[[ Provided data, beginning ]]

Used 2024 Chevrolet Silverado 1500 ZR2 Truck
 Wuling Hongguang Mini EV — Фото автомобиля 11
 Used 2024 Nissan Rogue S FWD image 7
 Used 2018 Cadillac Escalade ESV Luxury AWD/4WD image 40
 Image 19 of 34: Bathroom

[[ Provided data, end ]]
[[ Provided data, beginning ]]

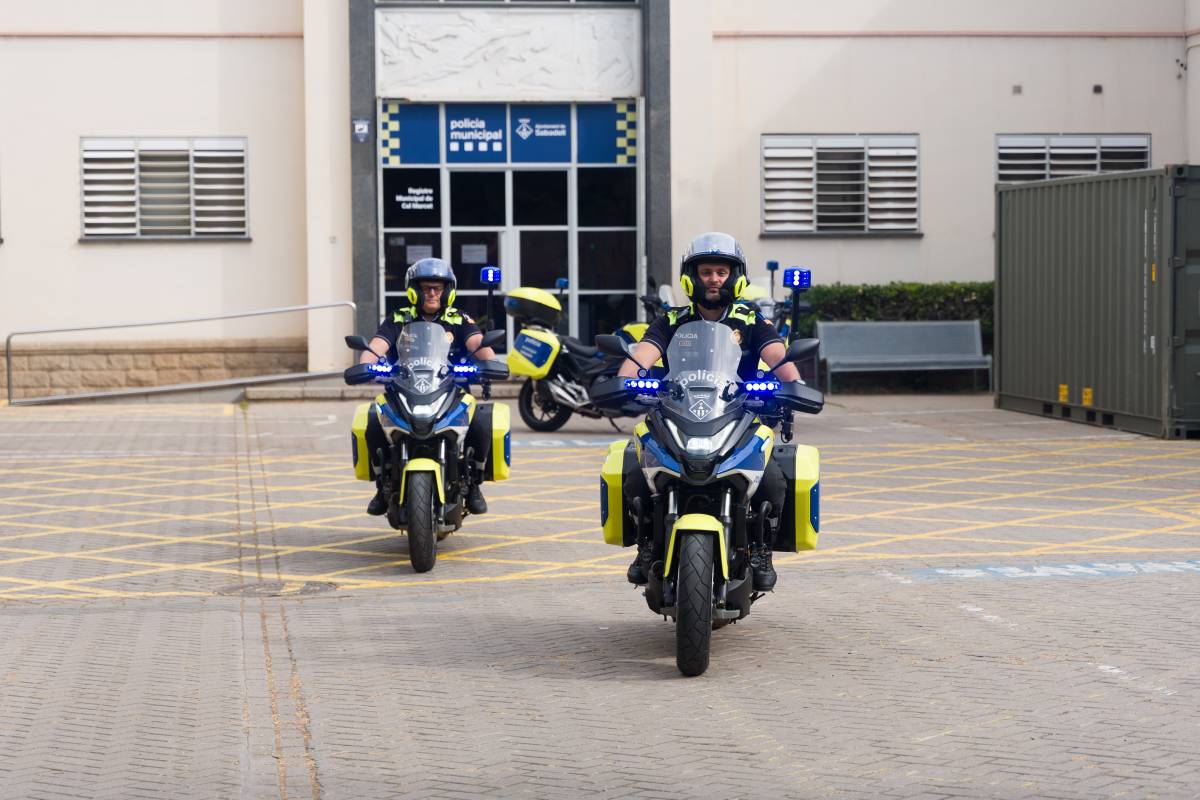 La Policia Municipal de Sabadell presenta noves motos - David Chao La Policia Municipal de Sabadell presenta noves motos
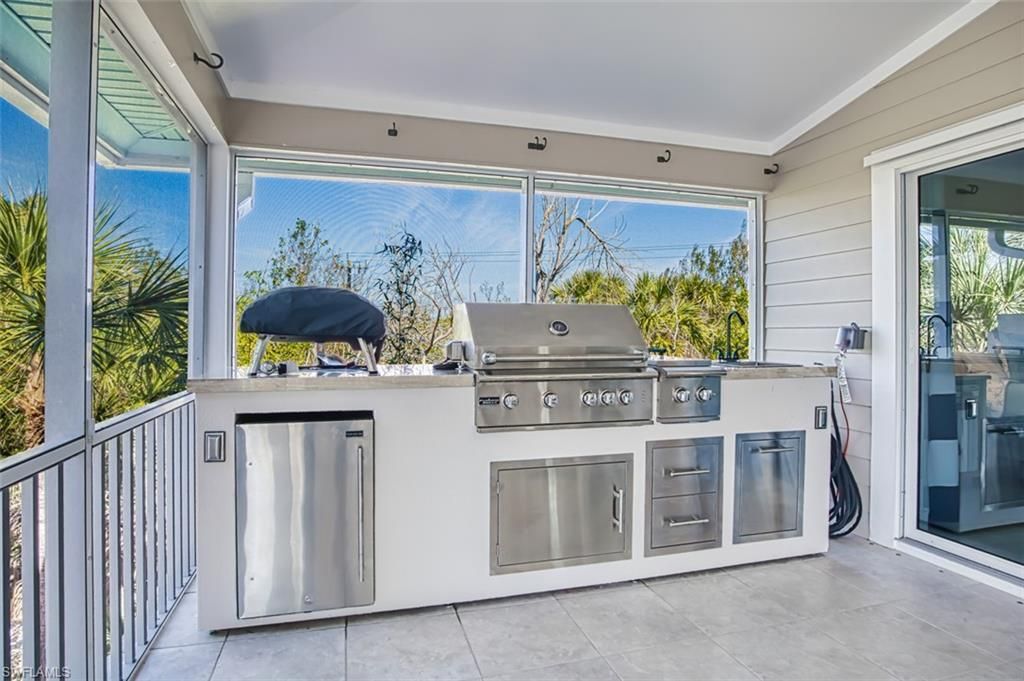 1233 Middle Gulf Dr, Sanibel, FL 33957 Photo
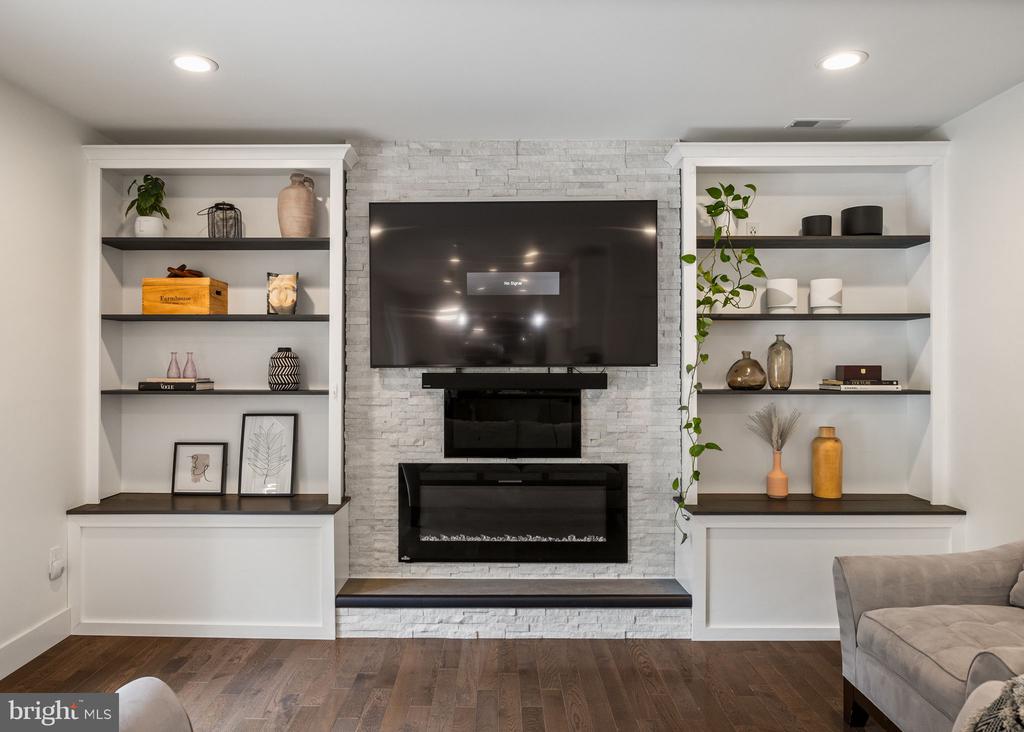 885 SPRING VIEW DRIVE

[[ Provided data, end ]]
[[ Provided data, beginning ]]

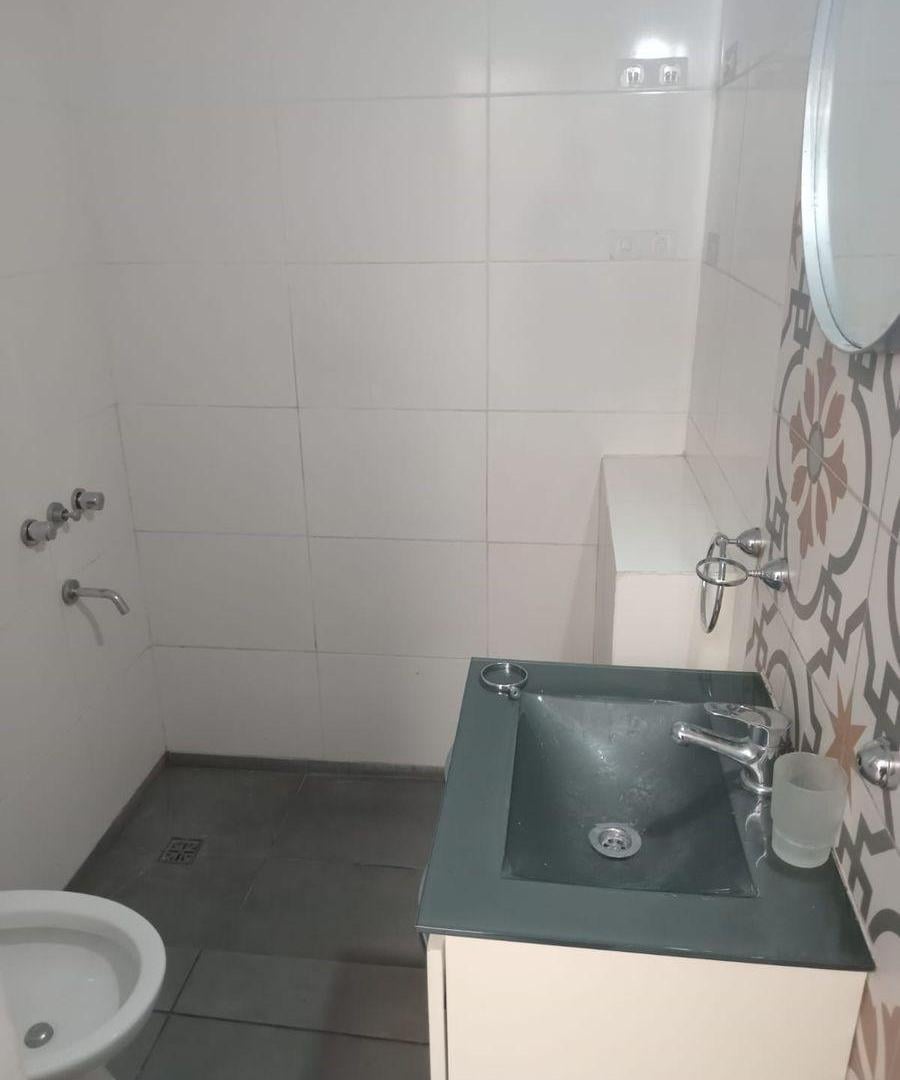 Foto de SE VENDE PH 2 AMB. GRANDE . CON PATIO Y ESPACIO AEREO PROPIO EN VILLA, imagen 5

[[ Provided data, end ]]

What you should do: Your task is to restate, word for word, only those lines above that fall between the line holding "Used 2024 Nissan Rogue S FWD image 7" and the line holding "Image 19 of 34: Bathroom", inclusive.

Task answer:
 Used 2024 Nissan Rogue S FWD image 7
 Used 2018 Cadillac Escalade ESV Luxury AWD/4WD image 40
 Image 19 of 34: Bathroom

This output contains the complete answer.